If your spacetime history resembles anything like a spinfoam, it's easy to see that it can only look isotropic in at most one reference frame. If one frame makes it look isotropic, it is easy to apply the Lorentz transformations to see that the "spin network" - a slice of the spin foam - will be Lorentz-contracted in other frames.
There are many other, equally obvious ways to see that there can't be any aether in the vacuum. If the material filling the vacuum were resembling water, it would carry a nonzero entropy. But relativity instructs us to study not only the entropy density - a scalar field - but also the entropy current, a vectorial field that combines with the scalar entropy density into a 4-vector field in spacetime. These things transform into each other in the same way as different components of the j^{\mu}, the electric current written in a relativistic fashion. In this case, the integrals over codimension-one slices are not interpreted as the total charge (which is quantized and conserved) but as the total entropy on the slice (which is not quantized, it's approximate, and increases). But the Lorentz properties are identical.

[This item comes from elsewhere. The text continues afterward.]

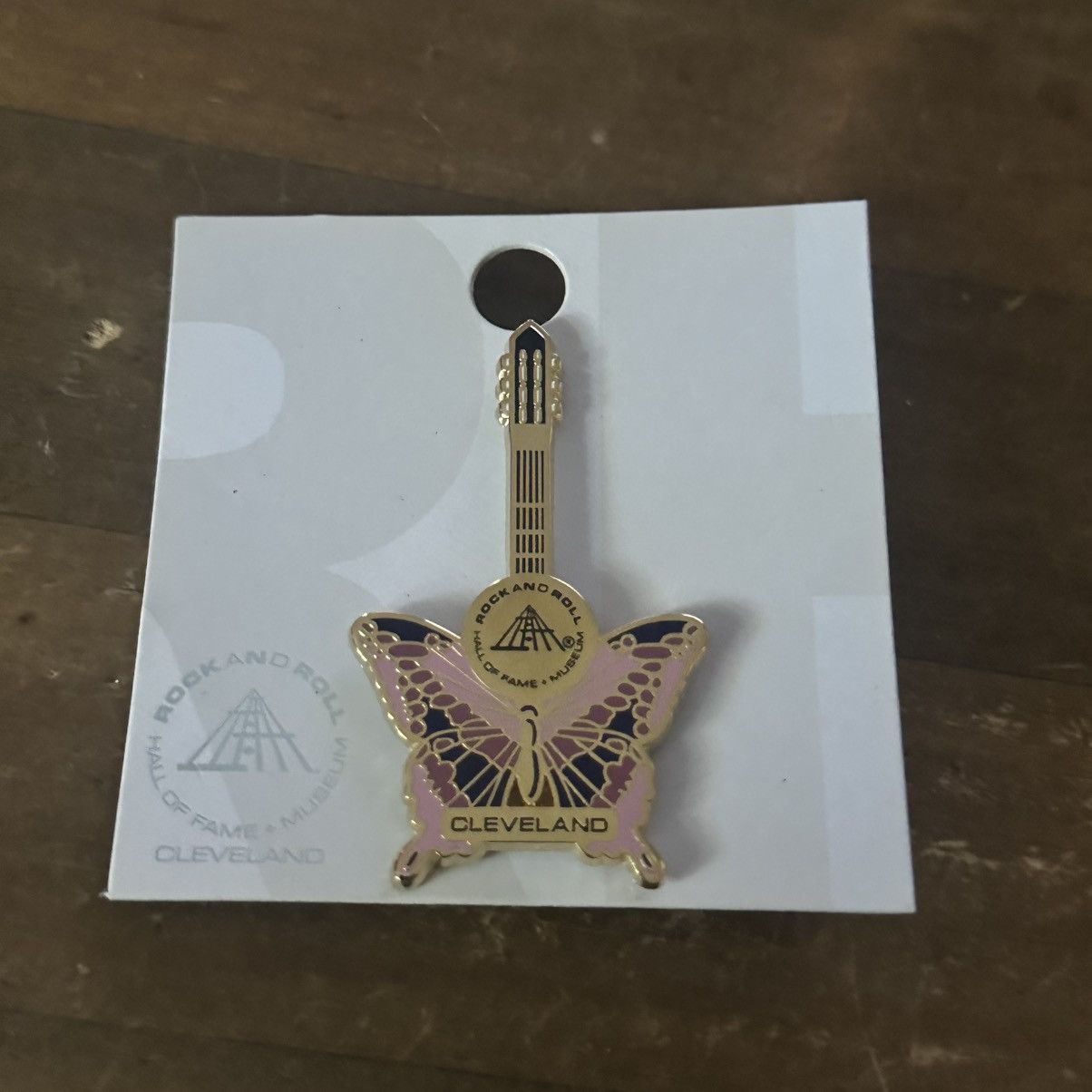 Vintage Rock and Roll Hall of Fame Cleveland butterfly guitar pin Size ONE SIZE - 3 Thumbnail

It's very clear that if the vacuum had a nonzero entropy density, there would only exist one privileged reference frame in which the spatial components of the entropy current would be equal to zero. Relativity says that the Lorentz invariance can't be broken by the vacuum. It follows that the vacuum can't have any entropy density.
A similar argument applied to the stress-energy tensor implies that only stress-energy tensors proportional to the metric tensor are allowed in the vacuum. Indeed, string theory agrees with these consistency conditions: the vacuum is unique and the energy density is always combined with the pressure of the same magnitude and the opposite sign. Every semi-realistic, stabilized stringy vacuum has either flat, or de Sitter, or anti de Sitter solutions.
While the precise value of the cosmological constant is not calculable at this moment - or, at least, we don't know how to choose the right one among many discrete options - string theory does imply that the vacuum fluctuations behave like the cosmological constant, i.e. satisfy "p = -rho". The latter condition - the equation of state of the dark energy - is not only a moral consequence of relativity but has also been directly tested by WMAP. It works.
Theories that don't respect the exact Lorentz invariance induce a nonzero entropy density which confirms the Lorentz breaking. They also lead to independent components of the stress-energy tensor, "p" and "rho", in the vacuum. It follows that they inevitably suffer from one new cosmological constant problem because they not only lack the explanation for why "rho" is so small, but also an explanation why "p" is equal to "-rho" and is therefore equally tiny. ;-) (Of course, they also generate infinitely many additional wrong coefficients for all interactions etc., but that's another issue.)
Holography leads us to imagine that the microstates of any system can be embedded into the quantum bits of a holographic screen that resembles a black hole horizon. However, any viable interpretation must be able to explain that the vacuum is a unique state and there are unique states for any position of the neutron in the gravitational field, and so on. String theory in general and the AdS/CFT correspondence in particular satisfy these constraints while Erik's framework does not.
It seems a pretty general temptation of some physicists to be struggling for an explanation of Nature that is crowded with chaotic phenomena that introduce a lot of mess into physics. For reasons that are completely misguided, they think that these are good things if not cool.
But the fundamental laws of Nature have exactly the opposite property. They're as ordered and organized as you can get. The equivalence principle, the postulates of quantum mechanics (the interpretation of the probability amplitudes and linearity of the operators), unitarity (the preservation of the information), the Lorentz symmetry (locally), and other similarly key principles uniformly work, and all of their combinations demonstrably work, too (even though it took some time to get convinced that there's really no contradiction).
The interference experiments yield immensely sharp results that agree with the theories amazingly well. Frequencies (and even the magnetic moment of the electron) can be measured stunningly accurately and everything works. There's just no room for any chaos here. Whoever is looking for chaotic explanations is looking for theories that are dead at birth.
So the difficult goal is not to explain why there's so much chaos or increasing entropy or violations of the principles above or previously unknown collapses of the wave function or [add almost any other kind of fashionable crap you like] behind the fundamental forces but, on the contrary, why there is none of it in Nature. People who are trying to deny the principles from the previous paragraph and invent classically chaotic "visualizations" of the fundamental forces may call themselves independent thinkers or whatever, but that won't change the fact that they misunderstand some very basic insights about all of physics.
In this case, I won't be blaming the postmodern developments of the 21st century for this deformation and recurring attempts to explain the spacetime or gravity in similarly flawed ways. There is a simple reason why I won't: the aether goes back to the 19th century if not much longer than that. Together with the attempts to "unexplain" quantum mechanics by a silly deterministic picture, these flawed "alternative attempts" are likely to stay with us for quite some time.